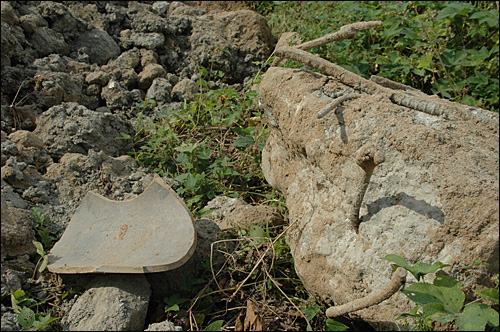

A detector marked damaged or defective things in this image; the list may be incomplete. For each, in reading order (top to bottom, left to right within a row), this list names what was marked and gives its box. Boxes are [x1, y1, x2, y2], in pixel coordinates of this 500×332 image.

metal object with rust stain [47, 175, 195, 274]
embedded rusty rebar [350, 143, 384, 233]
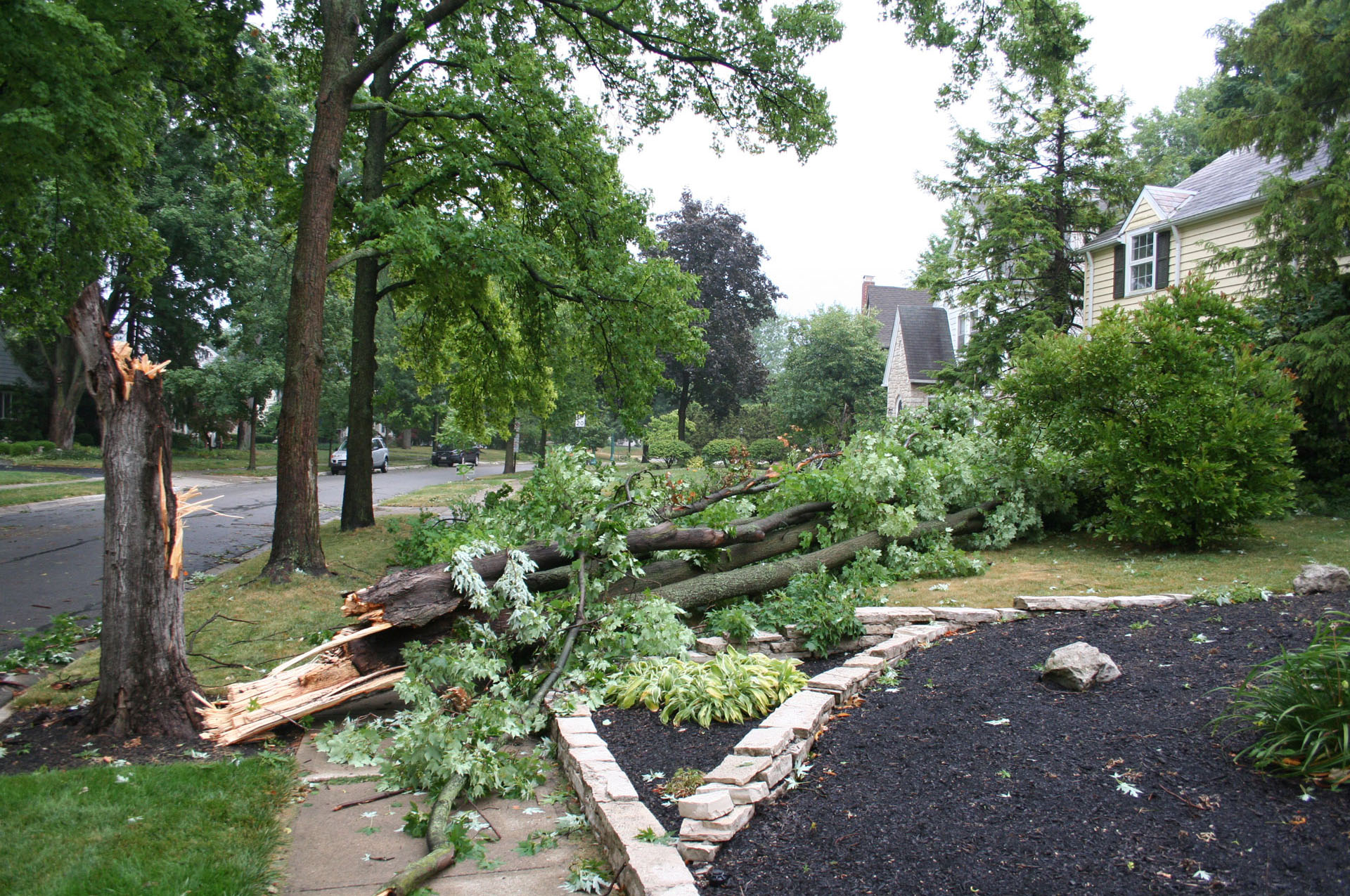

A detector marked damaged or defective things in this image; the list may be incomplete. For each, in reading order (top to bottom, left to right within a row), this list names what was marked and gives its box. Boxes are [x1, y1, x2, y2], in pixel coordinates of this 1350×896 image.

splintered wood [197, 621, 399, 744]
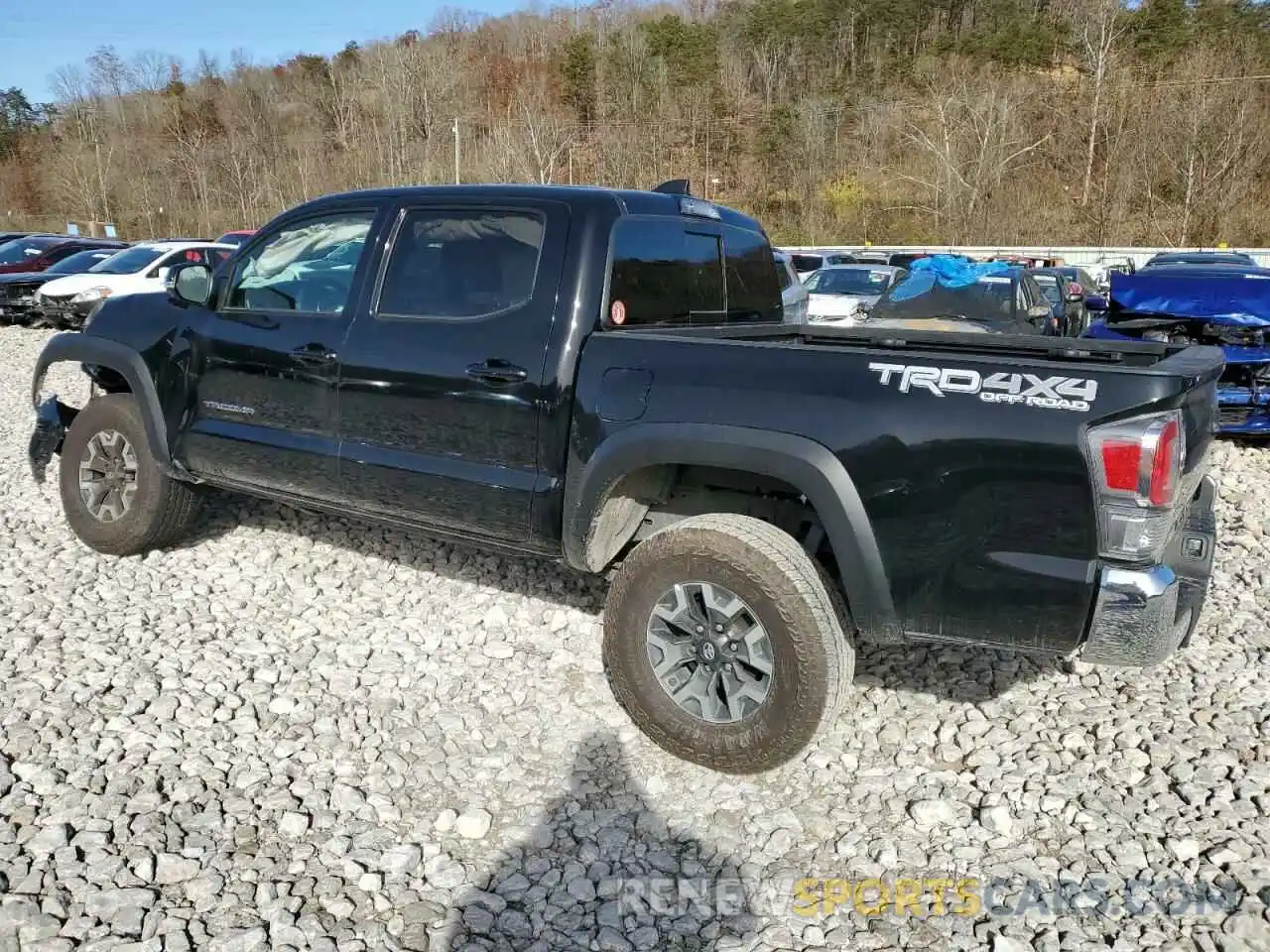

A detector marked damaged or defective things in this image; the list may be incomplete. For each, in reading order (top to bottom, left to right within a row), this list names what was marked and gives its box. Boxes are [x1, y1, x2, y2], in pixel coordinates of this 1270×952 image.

--*--

What to work on: Set the records down again exactly, with no pictures.

Answer space:
A detector marked damaged or defective things in this image; the list may be incomplete. For each, in reading order (top to bottom, left to right within a row), this list names what was marked and gives its box. Boxes are [x1, y1, x2, y2], in pixel coordinates of this 500×332 image.

metal object with rust stain [47, 175, 195, 274]
embedded rusty rebar [350, 143, 384, 233]

A detector marked damaged or defective things in this image; the list may be incomplete. For each, in reading order (top to bottom, left to right within a row), this list names what was marked and gives its box. Boxes are [x1, y1, x2, y2], in pixel coordinates of this 1350×896 image.

splintered wood [197, 621, 399, 744]

A detector marked damaged or defective things in this image; the list may be incomplete. For each, in reading order (top to bottom, left to right within a row), this list names what was marked and gives its box. Boxes are [x1, y1, x2, y2], in pixel coordinates of this 1270×952 image.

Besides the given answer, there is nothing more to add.